The Commodity Futures Trade Commission (CFTC) recently fined stablecoin issuer Tether $41 million for falsely claiming that each of its USDT tokens was fully backed by U.S. dollars. The agency also fined Tether’s sister company Bitfinex $1.5 million for letting Americans trade USDT and Bitcoin without official permission.
The fines were another black eye for Tether, which has been dogged by accusations of financial irregularities, but could also be relatively minor compared to what is coming Tether’s way: antitrust law.
In late 2019, multiple crypto investors filed four lawsuits (consolidated later on) alleging Tether and Bitfinex manipulated crypto markets. According to the plaintiffs, this behavior wrongfully “signal[ed] to the market that there was rapidly growing demand for cryptocurrencies,” and inflated prices. Soon after, they claim, the market lost $466 billion in less than a month, which led them to seek triple damages on behalf of themselves and other crypto buyers to the tune of $1.4 trillion.
Several of the claims made by the plaintiff were dismissed by a federal judge in New York in September. But a claim brought under Section 2 of the Sherman Act prohibiting monopolization did not get tossed, meaning that antitrust could play a central role in the outcome of this litigation.
According to the plaintiffs, Tether controlled “more than 80% of the market for stablecoins in the United States and the world. Tether therefore ha[d] monopoly power.” On that basis, the plaintiffs argue that the “issuance of unbacked USDT was designed to gain greater market share so Tether could eliminate stablecoin competition and maintain pricing control over the bitcoin and cryptocurrency market.” This supposed monopolization practice “inflate[d] one of the largest bubbles in history.”
If the plaintiffs prevail, they could stick Tether with one of the largest antitrust fines in U.S. history, but also open the door to further trouble in Europe where a 2014 EU directive facilitated private enforcement antitrust actions. If this comes to pass, it would likely spell the death knell for Tether and also cast doubt on the value of the broader crypto market.

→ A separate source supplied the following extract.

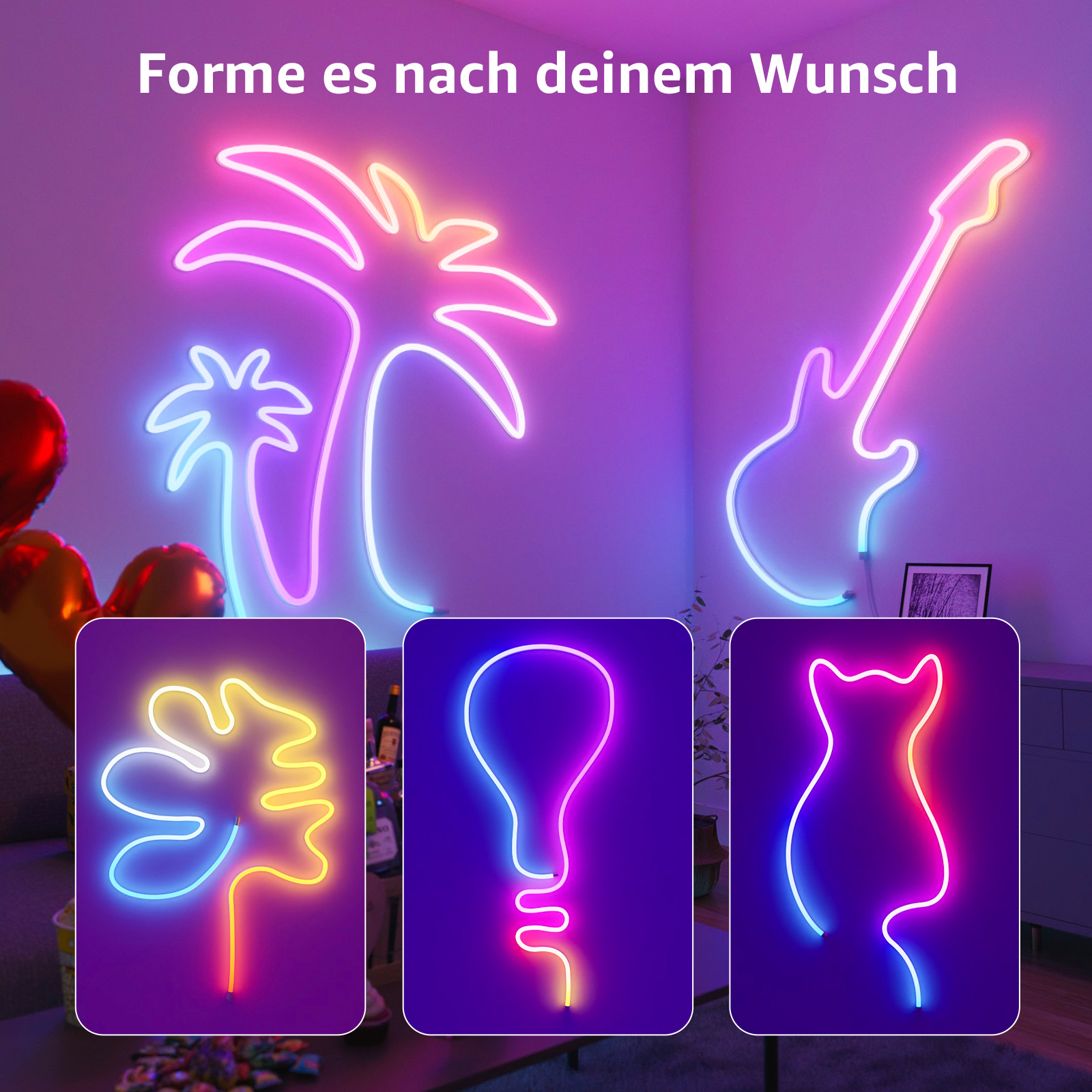 Neon-Schilder in verschiedenen Formen und Farben, an lila Wand.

While we wait for the outcome of the Tether dispute, there several lessons we can already draw from this case.
First, the Tether litigation and other early blockchain antitrust cases primarily concern cryptocurrencies, showing that antitrust investigations are are very much focused on tokens for now. Anticompetitive behavior related to smart contracts and decentralized applications is yet to attract attention.

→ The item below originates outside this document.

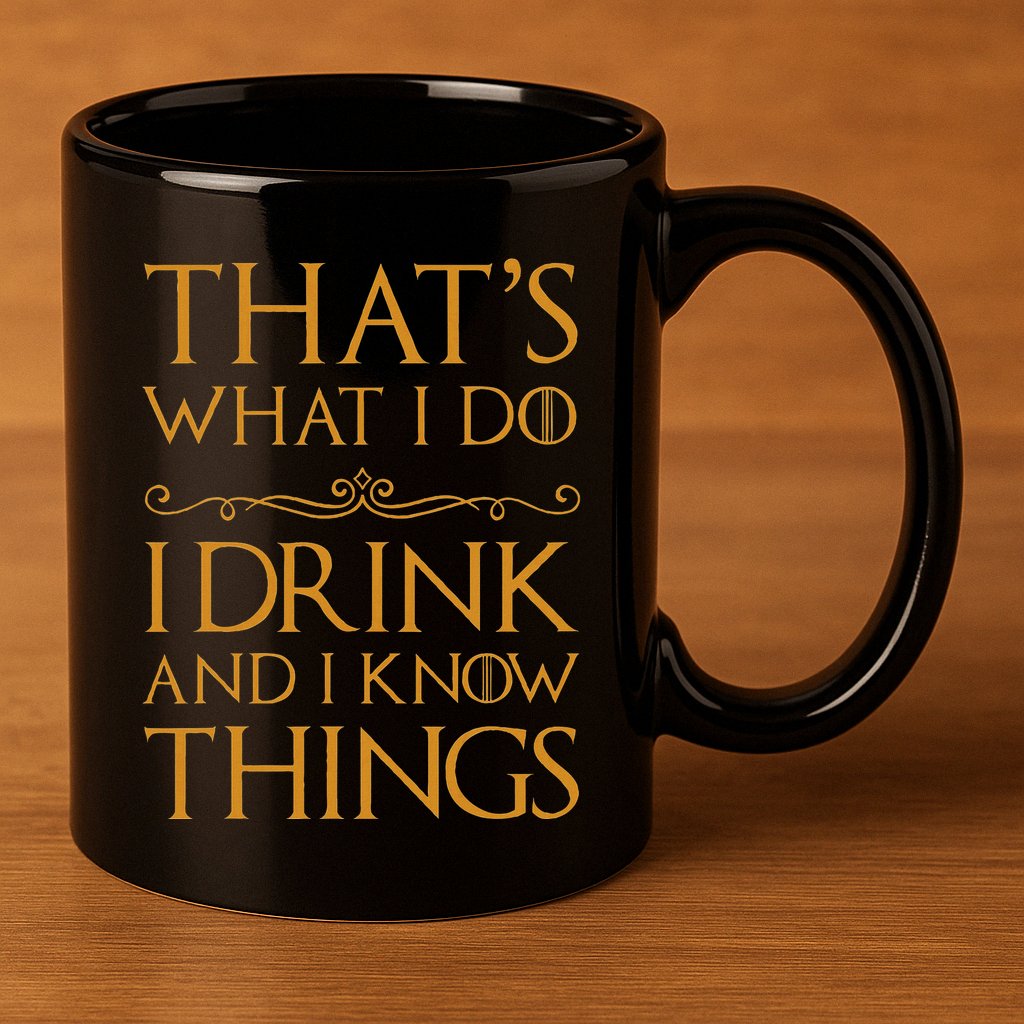 Thats What I Do I Drink And I Know Things 11oz C Handle Ceramic Mug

That being said, crypto antitrust cases are already diverse. In the very first one, Gallagher v. Bitcointalk.org (2018), a Bitcoin enthusiast filed a claim against the Bitcoin Foundation and the bitcoin owners for excluding him from it. He argued they conspired against him to prevent new competition in the space, therefore violating the Sherman Act Section 1 (i.e., prohibiting collusion). Then, in United American Corp. v. Bitmain (2018), the plaintiff argued that various firms (including those of prominent Bitcoin investor Roger Ver) schemed to hijack the Bitcoin Cash network, here again in violation of the Sherman Act Section 1. By contrast, the Tether case is based on Section 2 of the Sherman Act. In short, the entire panoply of antitrust law is being deployed in crypto cases.
The second lesson concerns the potential for people and companies to manipulate certain blockchains or, at the very least, to influence their value. In the case of Tether, its design allegedly allows a handful of people to decide among themselves when new tokens are created. This situation highlights the need to study the “power game” within each blockchain and how interactions between blockchain participants may influence decentralized ecosystems. This implies an analysis of each blockchain technicalities as they define their governance.
The third lesson is that new tools and tactics are needed to detect potential anticompetitive behavior. This includes deploying high-powered analytics—the academic article which led to the Tether case studied “over 200 gigabytes of transactional data from over ten different sources.” Meanwhile, regulators will need to cooperate with blockchain communities to enforce legal rules in a decentralized ecosystem.
The fourth and final lesson relates to the necessity to think of antitrust law and blockchain together. As one can see, and regardless of the merits of this case against Tether, blockchain is an infrastructure that does not prevent all (potential) anticompetitive practices by itself. It needs antitrust law as much as antitrust law needs blockchain to decentralize modern economies further.
The views and opinions expressed by the author are for informational purposes only and do not constitute financial, investment, or other advice.